Dataset records —
────────
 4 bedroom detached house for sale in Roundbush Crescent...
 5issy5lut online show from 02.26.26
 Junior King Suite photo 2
────────
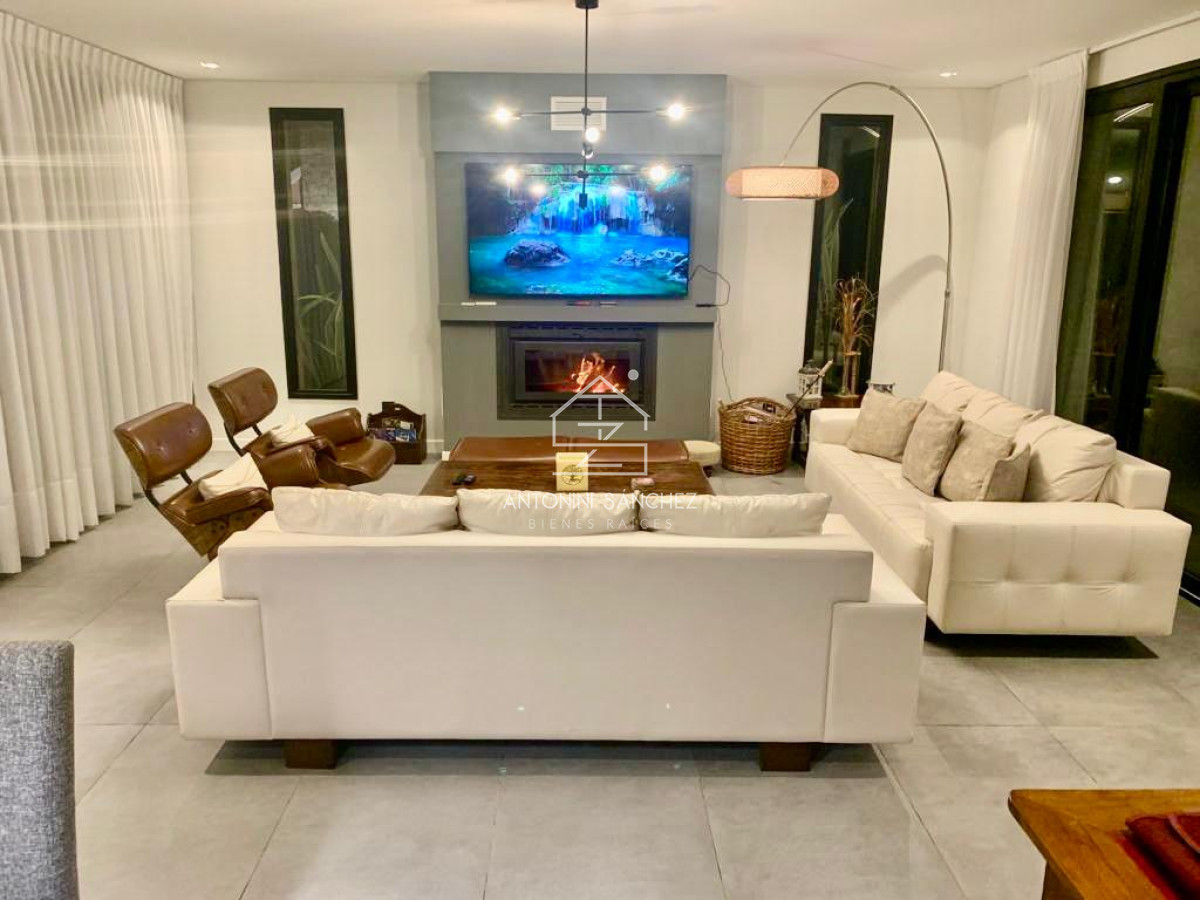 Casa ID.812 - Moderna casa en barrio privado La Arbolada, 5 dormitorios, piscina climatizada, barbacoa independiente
────────
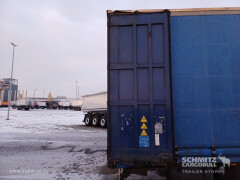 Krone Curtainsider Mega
────────
Task item —
An exact copy of the lines above between the line holding "5issy5lut online show from 02.26.26" and the line holding "Junior King Suite photo 2", inclusive, is the whole answer.

Final answer —
 5issy5lut online show from 02.26.26
 Junior King Suite photo 2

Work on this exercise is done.